→ **What needs to be done**
Give back exactly the lines of the entries below from the line with "SoCal Powerlifting coach" to the line with "Falafel with fresh", inclusive, and only those.

→ **Entries provided**

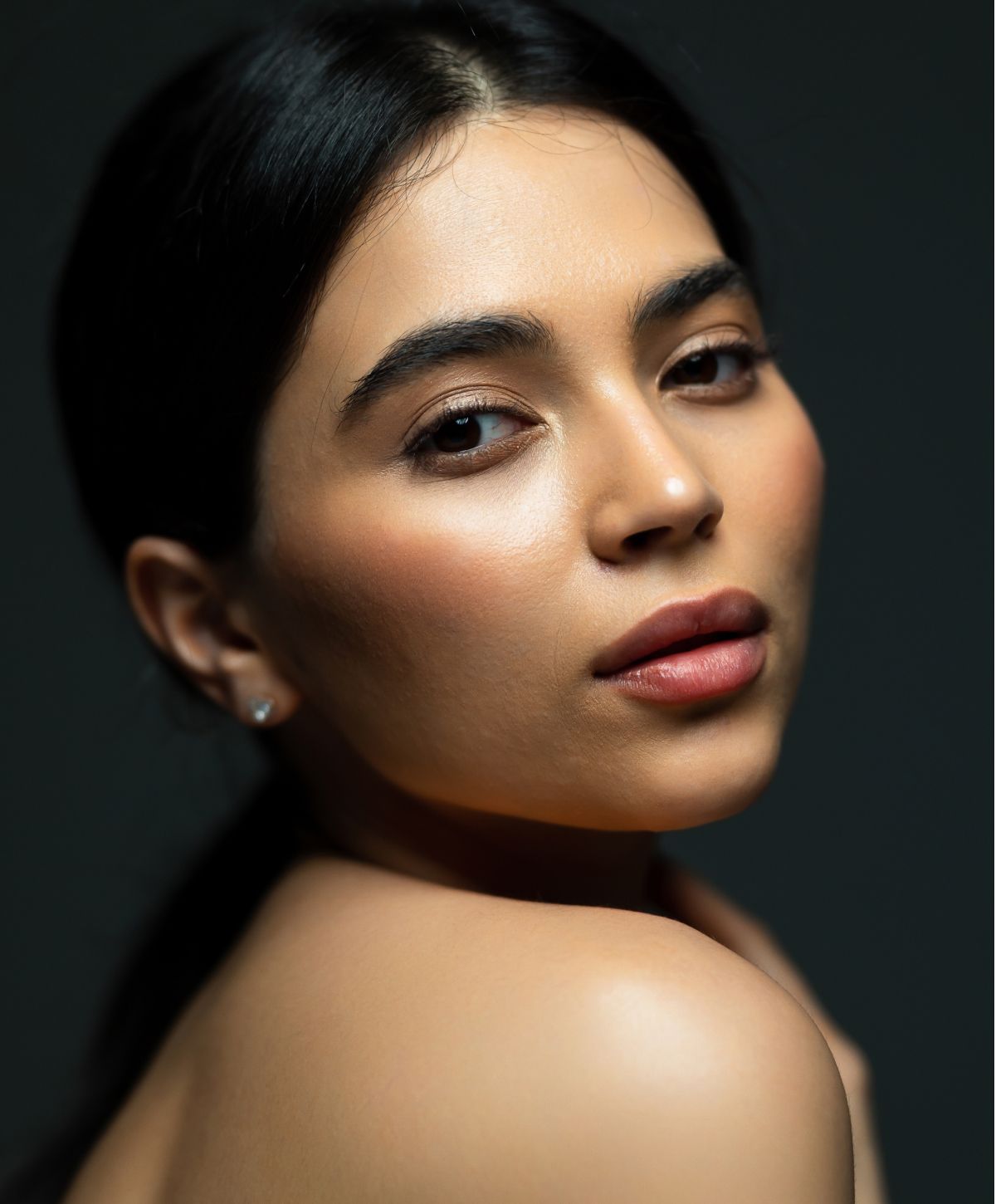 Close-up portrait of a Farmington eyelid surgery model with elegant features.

---

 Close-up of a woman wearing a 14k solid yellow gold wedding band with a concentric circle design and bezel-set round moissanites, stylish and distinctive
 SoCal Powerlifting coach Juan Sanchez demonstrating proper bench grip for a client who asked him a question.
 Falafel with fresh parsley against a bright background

==

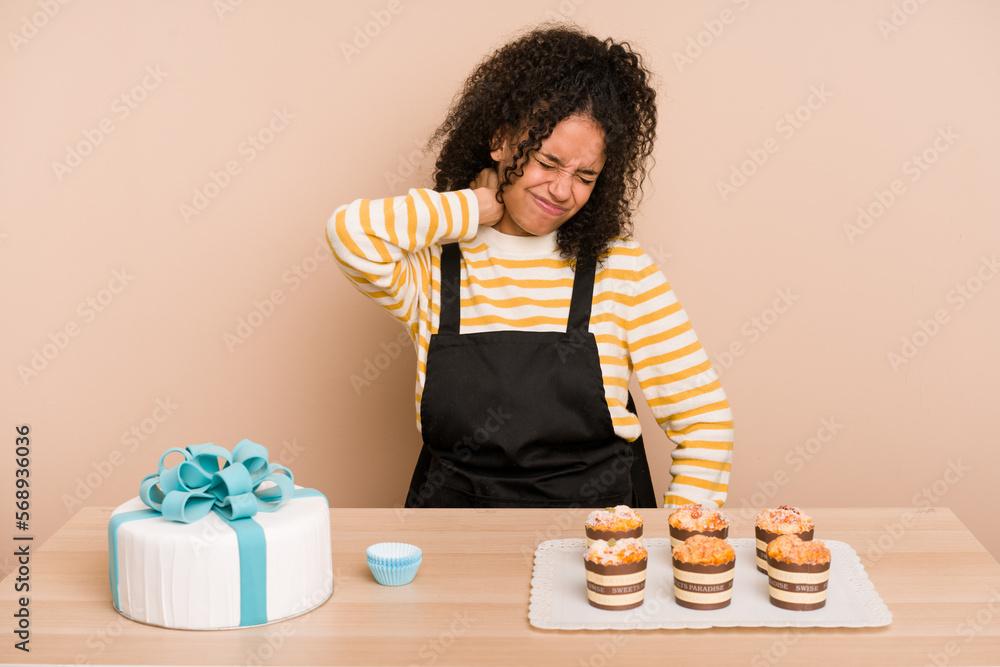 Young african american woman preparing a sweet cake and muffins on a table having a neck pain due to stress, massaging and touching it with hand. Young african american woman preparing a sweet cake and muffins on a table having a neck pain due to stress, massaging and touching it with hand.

→ **Solution for this problem**
 SoCal Powerlifting coach Juan Sanchez demonstrating proper bench grip for a client who asked him a question.
 Falafel with fresh parsley against a bright background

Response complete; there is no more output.